Metadata-Version: 2.1
Name: data-drift-detector
Version: 0.0.6
Summary: Compare differences between 2 datasets to identify data drift
Home-page: https://github.com/kelvnt/data-drift-detector
Author: Kelvin Tay
Author-email: btkelvin@gmail.com
License: GPLv3
Platform: UNKNOWN
Requires-Python: >=3.6.0
Description-Content-Type: text/markdown
License-File: LICENSE

# Data Drift Detector
[![PyPI version](https://badge.fury.io/py/data-drift-detector.svg)](https://badge.fury.io/py/data-drift-detector)

This package contains some developmental tools to detect and compare statistical differences between 2 structurally similar pandas dataframes.
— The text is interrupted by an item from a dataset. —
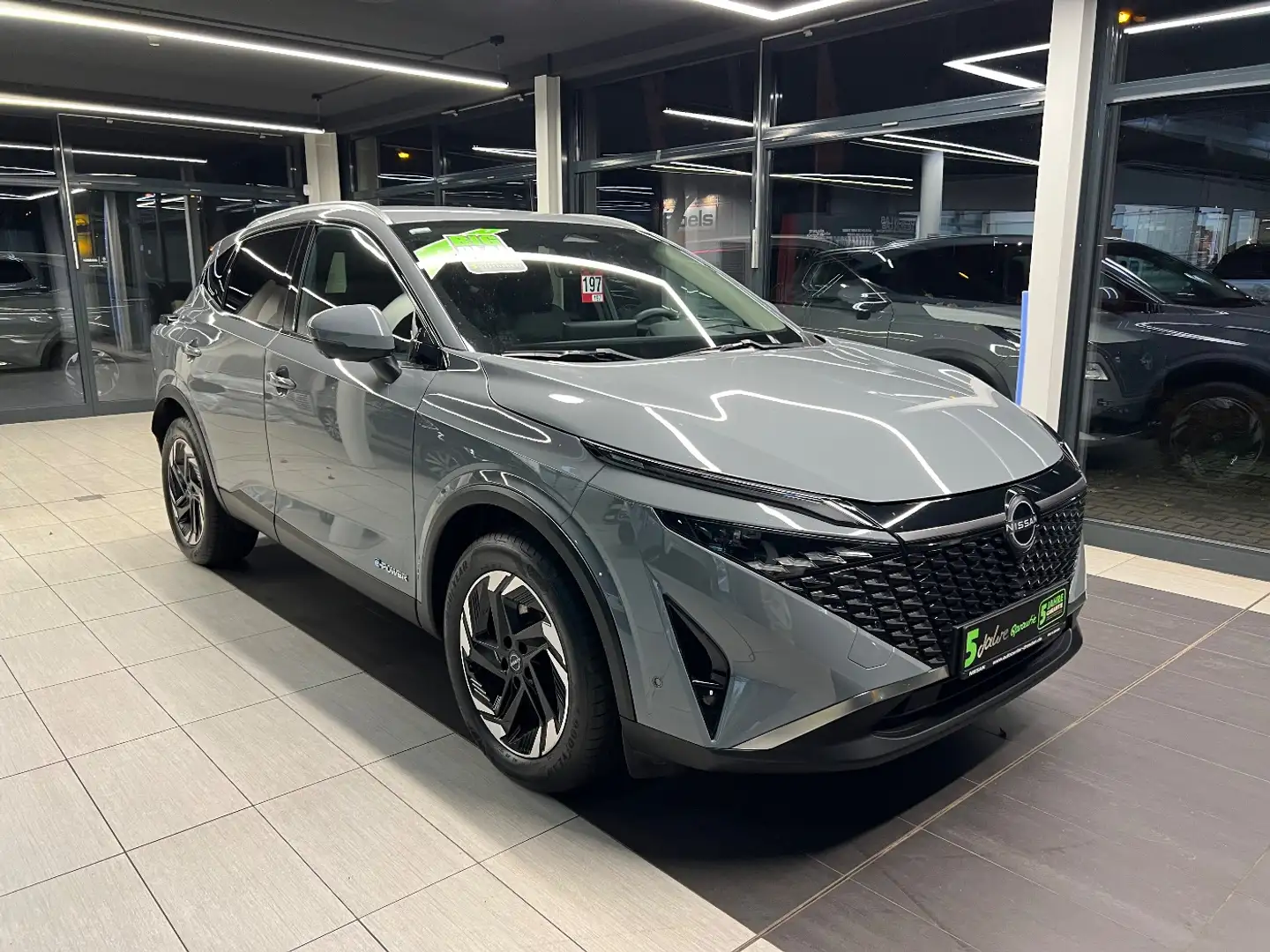 Nissan Qashqai 1.5 VC-T N-Connecta e-Power ACC+LED+Navi Grau - 2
The intended purpose is to detect data drift - where the statistical properties of an input variable change over time.

We provide a class `DataDriftDetector` which takes in 2 pandas dataframes and provides a few useful methods to compare and analyze the differences between the 2 datasets.

## Installation
Install the package with pip

    pip install data-drift-detector

## Example Usage

To compare 2 datasets:

    from data_drift_detector import DataDriftDetector

    # initialize detector
    detector = DataDriftDetector(df_prior = df_1, df_post = df_2)

    # methods to compare and analyze differences
    detector.calculate_drift()
    detector.plot_numeric_to_numeric()
    detector.plot_categorical_to_numeric()
    detector.plot_categorical()
    detector.compare_ml_efficacy(target_column="some_target_column")

You may also view an example notebook in the following directory `examples/example_usage.ipynb` to explore how it may be used.